I feel music at this point, commercially, is a bit boring and derivative. I shouldn’t say that because I know there are a million bands out there I know I haven’t heard. The problem is as you said before, I spent my whole life going to record stores. Every weekend I would go and buy tons of records. Especially doing the album covers. I coordinated the printing from everyone on Columbia, SST, to Touch And Go, and on and on and on. Every single major underground record label. Back then, being able to get so much music for free was amazing. There are very few record stores left in New York and I miss that.
TL: Can you talk a little bit more about the band you assembled? It is quite a line up.
KR: I have known Gary Lucas for a long time (electric and acoustic guitars). Gary played with Captain Beefheart and I am a major Beefheart fan. I just marvel at Gary’s technique. Don, being so smart, and being a different kind of rock and roller, worked really well with Gary. The two of them putting their heads together and putting their ideas together was just the perfect mix.
And let’s not forget Joe Bouchard (bass and keys). A friend of mine in college was one of the original punk rockers. He had a leopard guitar and he called himself tiger. He was from New York and he came back with three things: Screw Magazine, bagels, and the first Blue Oyster Cult record. I said, “Wow, this is different, this is amazing.” And then having the chance to meet Joe and his brother Albert.
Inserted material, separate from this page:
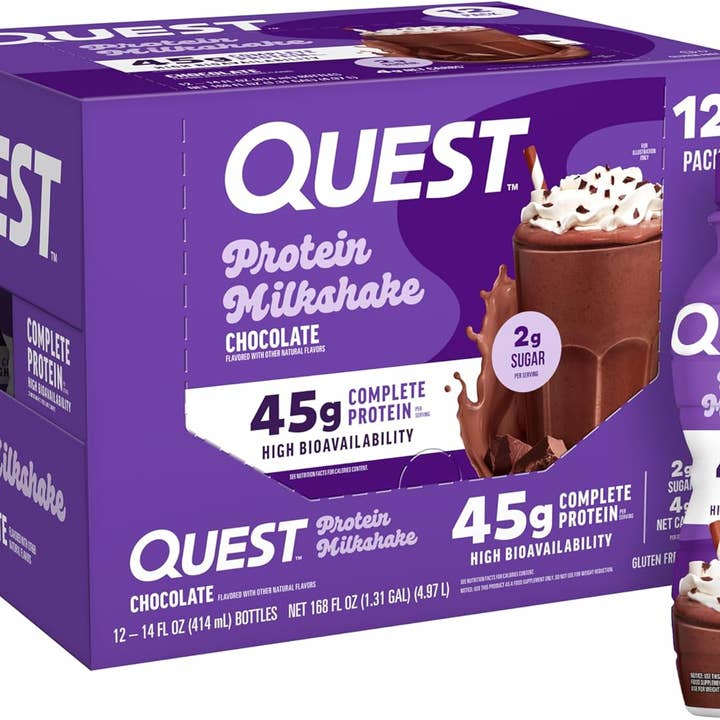 QUEST PROTEIN SHAKE - 45G PROTEIN - 12/14OZ CHOCOLATE for wholesale by L&F Universal Goods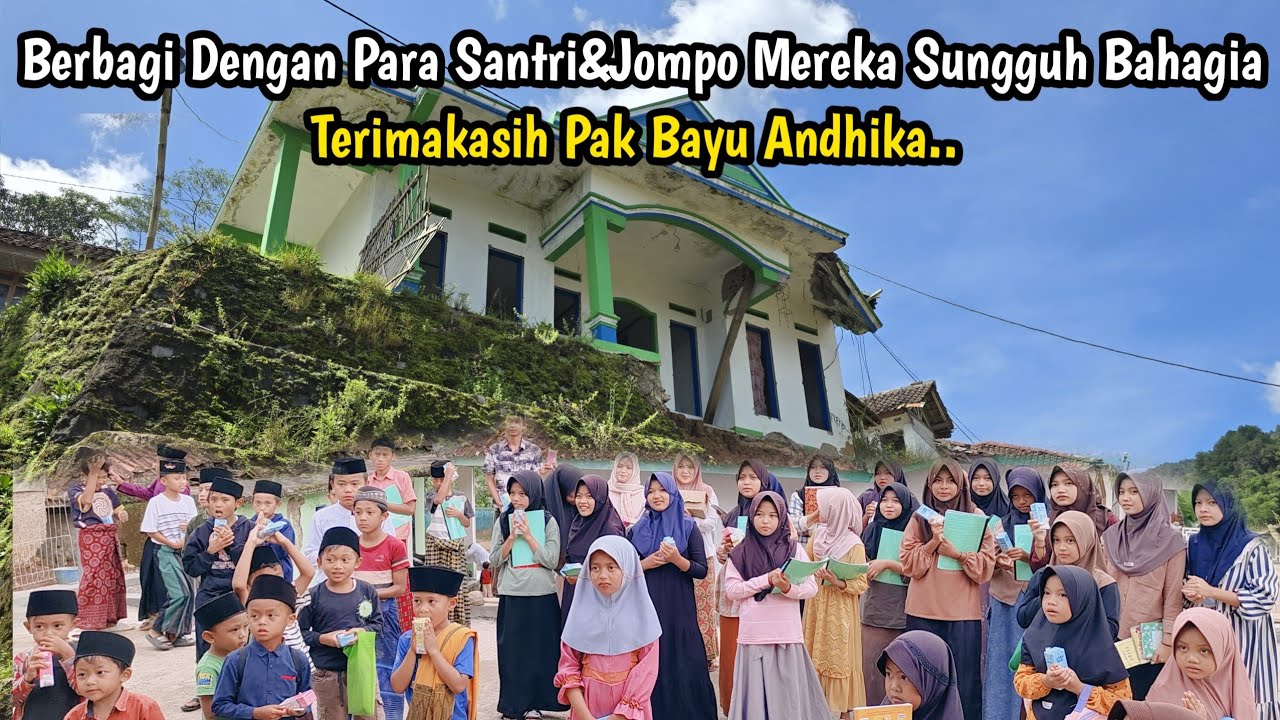 KAMPUNG YANG DULU VIRAL.. BERBAGI DENGAN PARA SANTRI MEREKA SUNGGUH BAHAGIA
He was at the show and said so many nice things. Both of them are gems of human beings.
I told this story before……we needed a keyboard part for the album and we needed a keyboard player. We recorded some of it at Sonic Youth studio in Hoboken. We recorded all the music there. And Joe said no problem. He plugged his bass into his laptop and played the piano parts on his bass. That’s how cool he is.
I love all these guys. And when we played live, we all looked at each other after ward and said, “WOW! We have to do this again!” It’s just hard because we are all older and have a lot of different projects going on. Gary’s all over the world every week. Steve is touring with Thurston. Thurston came to the show. It was so amazing to see him there. Also there was Mark C. of Live Skull and Bob Bert, the original drummer from Sonic Youth.
KR: What’s your favorite song on Plum Plum?
KR: There you go! Very good. Arkansas Is Burning is my favorite song on the record. A real protest song. It documents what’s happening right now in America even though I wrote it two years ago. I also like Leave Your Light On For Me In Heaven that I wrote for Dolly Parton that I hope she will record. That’ a possibility. That I wrote with Andrew W K for a Broadway musical.
TL: Are there any plans to do a tour, even a mini one?
KR: I doubt it. Unless we can do a few dates in Europe opening for someone. I would love to play London with Thurston over there. I would love to play Amsterdam and Hanover, Germany. I would like to play all those places. Our scheduling would be a serious issue. These are all professional musicians who make money at their craft. That’s what they do. I am a tour guide and they are professional musicians. It’s hard to get them all in one room at the same time because they are all sought after and in such high demand.
TL: So before we wrap it up, tell people how they can get your fine album Plum Plum and find out about you.
KR: You can buy the album at all the outlets: Apple, Amazon, Bandcamp, etc. I am still in the process of putting my website together.
TL: Kim, I want to thank you for taking the time to talk to me and I wish you nothing but success in your future projects.